Published in Applied Research
Guar gum could help satiety
Partially hydrolysed guar gum (PHGG), a soluble dietary fibre, has been shown to provide many health benefits. Previous studies had suggested that the combination of PHGG with protein provided a significant satiation effect on visual analogue scales (VAS). What was lacking was only the effect of administration of small doses of PHGG on post-meal satiation and subsequent energy intake.
For this reason Japanese researchers from Nagoya Keizai University investigated to find the subjective perception of post-meal satiety with acute and long term administration of small amounts of PHGG alone with food, its effects on subsequent energy intake and the comparative effects among different types of soluble fibres. Theresults were published in the British Journal of Nutrition.

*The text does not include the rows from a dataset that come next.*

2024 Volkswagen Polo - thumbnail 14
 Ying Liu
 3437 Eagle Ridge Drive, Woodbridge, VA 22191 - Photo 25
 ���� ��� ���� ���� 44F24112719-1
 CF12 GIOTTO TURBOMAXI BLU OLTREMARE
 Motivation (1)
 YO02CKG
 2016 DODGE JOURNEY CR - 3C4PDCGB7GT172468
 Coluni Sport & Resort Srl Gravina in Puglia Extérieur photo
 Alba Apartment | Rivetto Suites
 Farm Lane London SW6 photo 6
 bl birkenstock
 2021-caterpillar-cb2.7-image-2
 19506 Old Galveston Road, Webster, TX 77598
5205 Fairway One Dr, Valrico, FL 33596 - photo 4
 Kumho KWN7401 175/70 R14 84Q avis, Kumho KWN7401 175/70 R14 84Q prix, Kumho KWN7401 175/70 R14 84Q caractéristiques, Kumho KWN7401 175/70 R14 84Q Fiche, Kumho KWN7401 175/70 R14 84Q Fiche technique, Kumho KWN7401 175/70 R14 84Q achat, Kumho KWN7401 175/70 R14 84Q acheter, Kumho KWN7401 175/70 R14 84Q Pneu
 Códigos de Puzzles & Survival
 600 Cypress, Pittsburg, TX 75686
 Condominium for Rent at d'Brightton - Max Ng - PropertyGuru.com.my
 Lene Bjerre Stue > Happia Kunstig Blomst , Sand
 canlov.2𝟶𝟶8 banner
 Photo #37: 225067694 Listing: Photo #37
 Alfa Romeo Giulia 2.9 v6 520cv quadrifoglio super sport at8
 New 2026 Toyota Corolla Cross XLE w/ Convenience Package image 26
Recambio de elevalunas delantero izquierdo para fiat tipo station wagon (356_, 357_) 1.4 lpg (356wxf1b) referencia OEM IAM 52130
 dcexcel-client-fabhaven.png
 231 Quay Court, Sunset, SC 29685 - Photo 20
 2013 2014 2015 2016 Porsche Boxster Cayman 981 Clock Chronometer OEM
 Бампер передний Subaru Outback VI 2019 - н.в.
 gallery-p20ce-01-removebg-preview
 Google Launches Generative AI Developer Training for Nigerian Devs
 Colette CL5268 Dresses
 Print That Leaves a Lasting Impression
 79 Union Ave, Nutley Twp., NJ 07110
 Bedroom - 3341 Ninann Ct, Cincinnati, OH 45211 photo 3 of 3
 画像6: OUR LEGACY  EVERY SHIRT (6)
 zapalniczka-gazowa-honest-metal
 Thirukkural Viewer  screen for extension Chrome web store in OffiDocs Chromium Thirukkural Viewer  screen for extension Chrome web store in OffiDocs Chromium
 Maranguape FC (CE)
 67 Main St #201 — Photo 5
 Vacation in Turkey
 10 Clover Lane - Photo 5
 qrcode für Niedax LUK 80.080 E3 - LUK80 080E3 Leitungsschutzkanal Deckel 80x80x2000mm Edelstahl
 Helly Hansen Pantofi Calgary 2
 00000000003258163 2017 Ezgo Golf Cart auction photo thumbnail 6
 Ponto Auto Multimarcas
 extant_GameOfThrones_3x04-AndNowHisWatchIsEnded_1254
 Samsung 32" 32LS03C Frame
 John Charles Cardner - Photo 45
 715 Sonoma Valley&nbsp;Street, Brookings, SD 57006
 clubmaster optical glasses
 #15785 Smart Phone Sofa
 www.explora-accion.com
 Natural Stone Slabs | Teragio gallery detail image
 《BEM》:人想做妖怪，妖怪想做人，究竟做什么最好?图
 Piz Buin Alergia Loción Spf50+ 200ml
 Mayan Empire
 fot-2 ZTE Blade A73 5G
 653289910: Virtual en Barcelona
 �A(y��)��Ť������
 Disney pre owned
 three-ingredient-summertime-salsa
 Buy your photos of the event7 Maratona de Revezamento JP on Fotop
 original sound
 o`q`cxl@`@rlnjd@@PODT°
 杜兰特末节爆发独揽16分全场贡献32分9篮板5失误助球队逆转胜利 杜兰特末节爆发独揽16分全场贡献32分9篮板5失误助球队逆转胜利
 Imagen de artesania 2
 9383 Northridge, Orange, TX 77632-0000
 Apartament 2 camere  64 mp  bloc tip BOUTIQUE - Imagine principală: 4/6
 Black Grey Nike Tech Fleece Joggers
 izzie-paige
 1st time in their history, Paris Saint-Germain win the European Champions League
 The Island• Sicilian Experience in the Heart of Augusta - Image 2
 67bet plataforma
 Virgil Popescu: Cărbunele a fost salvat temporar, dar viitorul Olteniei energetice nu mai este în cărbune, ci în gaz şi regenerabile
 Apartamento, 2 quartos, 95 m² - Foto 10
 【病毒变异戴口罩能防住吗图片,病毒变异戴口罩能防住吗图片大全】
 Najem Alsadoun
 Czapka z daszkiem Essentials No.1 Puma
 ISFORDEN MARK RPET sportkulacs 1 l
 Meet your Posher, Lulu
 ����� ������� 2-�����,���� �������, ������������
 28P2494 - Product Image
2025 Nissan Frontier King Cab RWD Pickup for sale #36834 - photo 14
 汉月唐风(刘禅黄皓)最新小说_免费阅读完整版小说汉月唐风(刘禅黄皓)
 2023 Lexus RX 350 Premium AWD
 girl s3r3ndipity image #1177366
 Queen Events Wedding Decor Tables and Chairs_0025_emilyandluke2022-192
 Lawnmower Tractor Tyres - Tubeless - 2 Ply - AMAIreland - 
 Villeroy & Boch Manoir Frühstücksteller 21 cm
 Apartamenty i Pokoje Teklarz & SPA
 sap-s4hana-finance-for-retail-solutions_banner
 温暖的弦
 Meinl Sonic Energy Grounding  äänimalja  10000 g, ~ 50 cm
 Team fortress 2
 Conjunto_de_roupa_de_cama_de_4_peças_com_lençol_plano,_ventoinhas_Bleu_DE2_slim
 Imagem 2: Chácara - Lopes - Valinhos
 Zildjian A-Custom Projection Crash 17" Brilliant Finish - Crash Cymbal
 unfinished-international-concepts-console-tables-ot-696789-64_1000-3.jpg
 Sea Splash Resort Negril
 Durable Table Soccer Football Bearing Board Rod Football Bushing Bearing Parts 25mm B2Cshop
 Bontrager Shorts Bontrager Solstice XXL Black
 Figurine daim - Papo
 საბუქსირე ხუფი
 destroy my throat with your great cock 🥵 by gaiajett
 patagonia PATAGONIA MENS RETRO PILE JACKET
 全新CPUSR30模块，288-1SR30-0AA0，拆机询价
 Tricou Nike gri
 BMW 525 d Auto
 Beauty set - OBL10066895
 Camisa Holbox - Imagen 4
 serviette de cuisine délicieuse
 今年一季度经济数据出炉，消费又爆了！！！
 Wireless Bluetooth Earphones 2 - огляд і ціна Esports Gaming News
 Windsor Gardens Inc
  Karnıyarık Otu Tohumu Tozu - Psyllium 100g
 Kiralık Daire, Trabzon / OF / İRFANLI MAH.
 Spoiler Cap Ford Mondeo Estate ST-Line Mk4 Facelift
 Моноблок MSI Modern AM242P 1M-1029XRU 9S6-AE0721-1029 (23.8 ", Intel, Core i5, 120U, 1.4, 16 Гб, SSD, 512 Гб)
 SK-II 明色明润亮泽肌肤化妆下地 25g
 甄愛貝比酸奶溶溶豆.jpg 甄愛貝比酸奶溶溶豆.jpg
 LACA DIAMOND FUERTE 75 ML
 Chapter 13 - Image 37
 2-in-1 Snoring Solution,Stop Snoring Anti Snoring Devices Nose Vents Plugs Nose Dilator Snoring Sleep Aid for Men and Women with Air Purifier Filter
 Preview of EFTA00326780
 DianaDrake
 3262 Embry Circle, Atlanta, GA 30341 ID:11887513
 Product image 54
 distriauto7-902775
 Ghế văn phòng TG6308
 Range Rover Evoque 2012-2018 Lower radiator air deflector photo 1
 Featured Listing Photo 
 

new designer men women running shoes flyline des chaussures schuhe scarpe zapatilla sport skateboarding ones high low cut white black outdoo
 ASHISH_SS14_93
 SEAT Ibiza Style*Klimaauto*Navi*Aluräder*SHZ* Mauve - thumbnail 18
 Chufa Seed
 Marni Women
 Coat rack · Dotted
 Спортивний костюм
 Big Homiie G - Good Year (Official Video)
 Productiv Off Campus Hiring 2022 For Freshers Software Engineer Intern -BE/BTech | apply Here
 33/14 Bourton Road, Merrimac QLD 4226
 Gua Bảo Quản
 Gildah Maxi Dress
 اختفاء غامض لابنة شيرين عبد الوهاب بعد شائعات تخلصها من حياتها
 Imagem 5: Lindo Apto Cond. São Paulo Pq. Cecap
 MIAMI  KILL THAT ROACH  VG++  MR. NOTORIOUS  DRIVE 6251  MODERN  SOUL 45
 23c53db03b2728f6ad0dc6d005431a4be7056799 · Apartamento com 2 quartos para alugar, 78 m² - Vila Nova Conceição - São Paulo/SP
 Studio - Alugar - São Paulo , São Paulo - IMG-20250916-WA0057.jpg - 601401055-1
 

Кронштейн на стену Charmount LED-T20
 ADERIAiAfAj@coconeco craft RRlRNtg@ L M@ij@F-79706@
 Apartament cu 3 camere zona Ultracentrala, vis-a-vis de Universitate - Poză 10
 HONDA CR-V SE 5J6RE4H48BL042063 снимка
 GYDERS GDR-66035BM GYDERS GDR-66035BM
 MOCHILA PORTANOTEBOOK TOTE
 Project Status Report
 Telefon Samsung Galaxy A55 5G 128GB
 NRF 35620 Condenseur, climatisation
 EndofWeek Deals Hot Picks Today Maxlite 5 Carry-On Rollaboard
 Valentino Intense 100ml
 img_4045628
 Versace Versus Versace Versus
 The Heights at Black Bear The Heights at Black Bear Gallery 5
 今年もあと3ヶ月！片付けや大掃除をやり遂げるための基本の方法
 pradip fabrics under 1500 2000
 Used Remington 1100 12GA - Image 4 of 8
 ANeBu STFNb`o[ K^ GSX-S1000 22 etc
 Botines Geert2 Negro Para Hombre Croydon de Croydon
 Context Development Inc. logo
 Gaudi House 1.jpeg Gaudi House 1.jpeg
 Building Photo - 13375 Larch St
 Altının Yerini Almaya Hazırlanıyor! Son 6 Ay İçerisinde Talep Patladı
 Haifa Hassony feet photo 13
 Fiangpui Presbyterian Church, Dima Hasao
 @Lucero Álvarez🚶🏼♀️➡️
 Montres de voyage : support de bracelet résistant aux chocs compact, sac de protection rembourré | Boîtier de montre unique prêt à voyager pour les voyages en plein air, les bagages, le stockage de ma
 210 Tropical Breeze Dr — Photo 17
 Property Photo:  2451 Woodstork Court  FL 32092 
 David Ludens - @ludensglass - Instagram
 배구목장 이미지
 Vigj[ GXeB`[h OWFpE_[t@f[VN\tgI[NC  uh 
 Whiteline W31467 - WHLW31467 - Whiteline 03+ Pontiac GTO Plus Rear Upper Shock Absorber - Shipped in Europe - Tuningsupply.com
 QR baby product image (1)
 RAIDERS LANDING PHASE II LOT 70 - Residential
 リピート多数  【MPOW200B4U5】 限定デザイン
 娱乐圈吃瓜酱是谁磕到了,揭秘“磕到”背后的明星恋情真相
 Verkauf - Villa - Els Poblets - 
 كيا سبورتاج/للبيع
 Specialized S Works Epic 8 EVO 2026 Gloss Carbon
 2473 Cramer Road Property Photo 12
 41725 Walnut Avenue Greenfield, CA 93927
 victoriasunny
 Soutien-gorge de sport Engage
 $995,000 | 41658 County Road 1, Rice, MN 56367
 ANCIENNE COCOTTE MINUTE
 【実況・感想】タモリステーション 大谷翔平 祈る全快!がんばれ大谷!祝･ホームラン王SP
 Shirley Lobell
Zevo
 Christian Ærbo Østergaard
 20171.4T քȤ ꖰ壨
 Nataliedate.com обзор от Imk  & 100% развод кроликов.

The following three separate studies were conducted: in study 1, healthy subjects (n 12) consumed PHGG along with breakfast, lunch and an evening snack; in study 2, healthy subjects (n 24) consumed 2g of PHGG or dextrin along with yogurt as breakfast for 2 weeks; in study 3, healthy subjects (n 6) took 6g each of either PHGG or indigestible dextrin or inulin along with lunch. In all the studies, various satiety parameters were measured on VAS before and after consumption of PHGG. The addition of PHGG showed significant (P< 0·05) acute (studies 1 and 3) and long-term (studies 1 and 2) satiety effects compared to the control and/or an equal amount of carbohydrate or other types of soluble fibre. Study 2 also indicated that the prolonged consumption of PHGG may significantly (P< 0·05) reduce energy intake from whole-day snacking. PHGG could be an ideal natural soluble fibre for delivering acute and long term satiety effects for comfortable appetite control.